Dunia game mempresentasikan kehidupan atau fantasi, dengan kuasa dan kontrol berada di tangan gamer.
SIAPA yang tidak kenal game? Di masa ini, lebih-lebih masuk ke era digital, hampir semua anak – bahkan orang dewasa sekali pun – menyukai game, apa pun bentuknya, mulai dari yang sederhana sampai yang sophisticated.
Game merupakan hiburan berbentuk multimedia yang dibuat semenarik mungkin agar pemain bisa mendapatkan sesuatu sehingga mendapatkan kepuasaan batin. Pong boleh dikatakan pelopor video game, berbentuk sederhana dua dimensi menjadi alternatif hiburan yang menarik bagi generasi muda sejak kehadirannya pada 1972.
Kesederhanaan gameplay dan grafis pun mengalami transisi pesat hingga hadirlah sensasi gaming yang lebih luas serta genre yang kian beragam. Teknologi yang semakin baik membuat para developer game menghasilkan game yang lebih berkualitas dan menarik. Bahkan, berkat tampilan yang lebih baik, tidak sedikit yang kemudian berhasil menjadikan tokoh game sebagai ikon (MALE Zone, MALE edisi 86).
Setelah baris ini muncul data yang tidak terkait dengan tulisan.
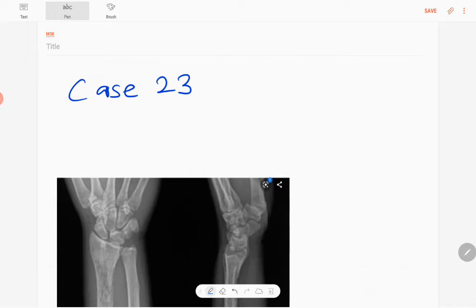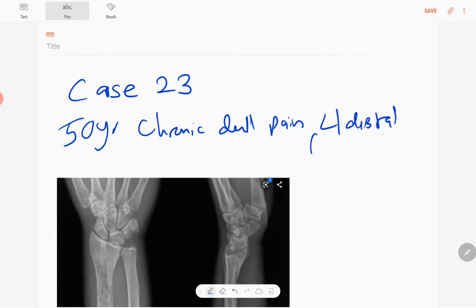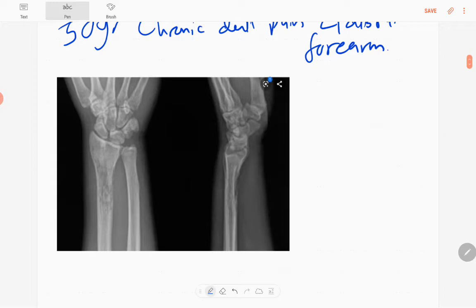Hello everyone, this is case number 23 of the MSK series. Today's patient is a 50-year-old presented with chronic dull pain in the left distal forearm. These are the anteroposterior and lateral radiographs of the left distal ulna and radius including the wrist joint in a skeletally mature patient.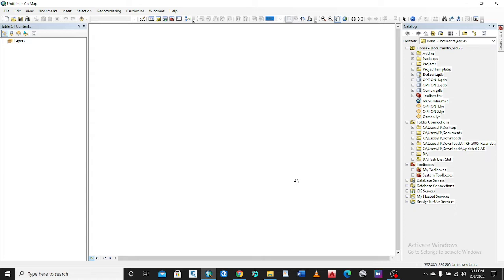You might use the latest version of ArcMAP 10.8. What we do when you need to save it to the lower versions is because you might share this MXD file to someone using an older version.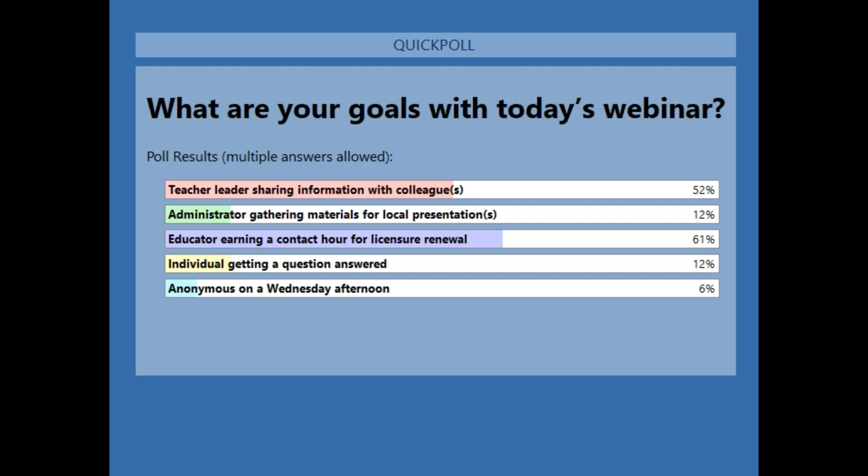We also have over half of you, 52%, saying you're a teacher leader sharing information with colleagues, as well as about 12% who are administrators gathering materials for local professional development. In addition to all the materials being available to you, much of what I'm sharing is also in the notes portion of the slides, including direct links to websites with details about applications, grants, and scholarships. There are also 12% who are an individual getting a question answered — we'll address that at the end. We are now almost a month into the school year, so hopefully you've got routines set up with your students.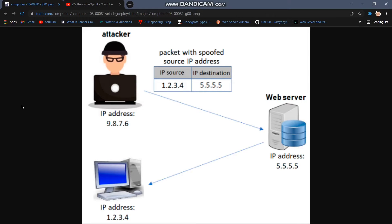As you can see, there is a simple IP spoofing diagram. There is an attacker. There is a normal IP — 9.8.7.6 — and there is 192.168.1.1. This is the attacker's IP address.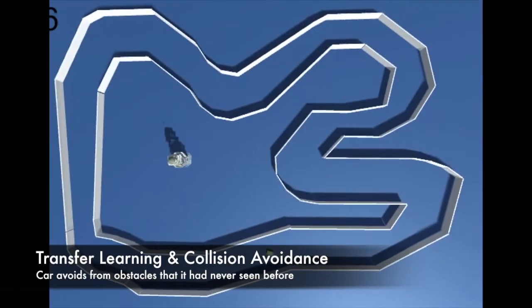Once training is complete, the model is transferred to a more challenging track and retrained.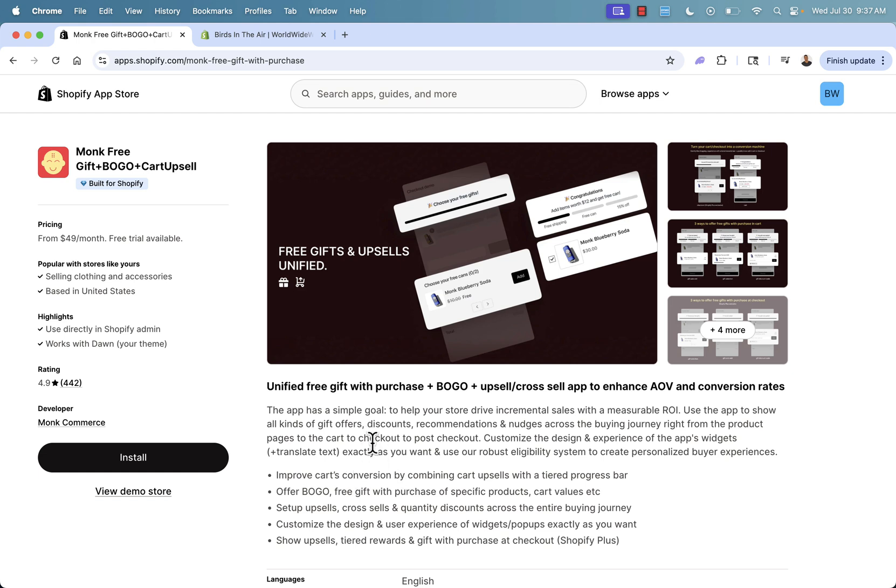This is a must have, it doesn't matter if you're selling print on demand, drop shipping, digital products, your own custom personalized goods. You want to use Monk in your store and all you need to do, click the link directly below this video, hit the install button.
Sebenarnya, game bisa dimanfaatkan sebagai sarana pembelajaran. Game edukasi ini biasanya dibuat dengan tujuan spesifik sebagai alat pendidikan. Sang desainer sudah memperhitungkan berbagai hal agar game benar-benar dapat mendidik, menambah pengetahuan, dan meningkatkan keterampilan yang memainkannya. Tapi di atas itu, dunia game mempresentasikan kehidupan atau fantasi, dengan kuasa dan kontrol berada di tangan gamer.
Yang jelas, game semakin berkembang luas dengan genre tak terbatas, bahkan bisa disandingkan dengan genre yang ada dalam film. Contohnya, Mario Bros, yang merupakan karakter game perdana yang hadir dalam film. Karakter yang dibuat oleh produsen game asal Jepang, Nintendo, itu sangat mendunia.
Memang, dalam perkembangannya, kesuksesan Mario Bros dalam game tak membuat filmnya mendulang nasib yang sama. Pada 1993, film Mario Bros justru menemui kegagalan dan mendapat respons negatif. Padahal pemerannya cukup terkenal, yakni Bob Hoskins dan John Leguizamo.
Para pahlawan dunia game rupanya tidak mampu berbicara banyak di dunia perfilman. Saat Batman dan Spider-Man melangkah pasti dan sukses hadir di layar lebar, pahlawan dunia game seperti Lara Croft melalui Tomb Raider dan Agent 47 dalam game Hitman hanya terlihat sebagai hiburan segar saja, tapi belum mencapai kesuksesan yang berarti.
Mendapat keuntungan merupakan tujuan industri film. Tak mengherankan bila kemudian mengadaptasi game menjadi film termasuk cara yang menggiurkan. Menurut situs Hollywood.com, film adaptasi dapat menarik penonton yang sudah terlebih dulu mengenal karya yang diadaptasi itu. Para produser menghitung jumlah pre-installed audience—penonton yang sudah mengenal baik kisah atau karakternya dari komik, novel, atau game—sebagai keuntungan yang sudah ada di depan mata. Sayangnya, banyak film adaptasi game yang justru tampil seadanya. Street Fighter, Tekken, Dead or Alive, dan The King of Fighter adalah gambaran buruknya film adaptasi game.
Film Mario Bros menjadi contoh lain sulitnya memperoleh hasil yang baik saat kedua versi tersebut memiliki konsep berbeda. Kepopuleran game Mario Bros diraih bukan karena jalan cerita dan pendalaman karakter yang baik, tapi lantaran cara bermain serta tantangan yang disajikan untuk pemainnya. Tentu menjadi kesulitan tersendiri bagi penulis dan sutradara jika sebuah film harus menggunakan metode yang sama dengan game-nya.
Sulit tak berarti tidak mungkin, dengan mempertahankan jalan cerita, tokoh, dan gameplay yang tak sederhana seperti Mario Bros. Celakanya, industri perfilman dengan sangat leluasa mengubah secara menyeluruh, yang akhirnya menghilangkan kekuatan dan inti game itu. Maka yang terjadi malah film tersebut seperti bukan hasil adaptasi game.
Jauh berbeda dengan Resident Evil, yang menjadi contoh berubahnya game secara keseluruhan, setelah hadir di layar lebar. Film yang dibintangi oleh aktris Milla Jovovich ini memilih pendekatan yang berbeda dengan game-nya yang pertama kali dirilis pada 1996.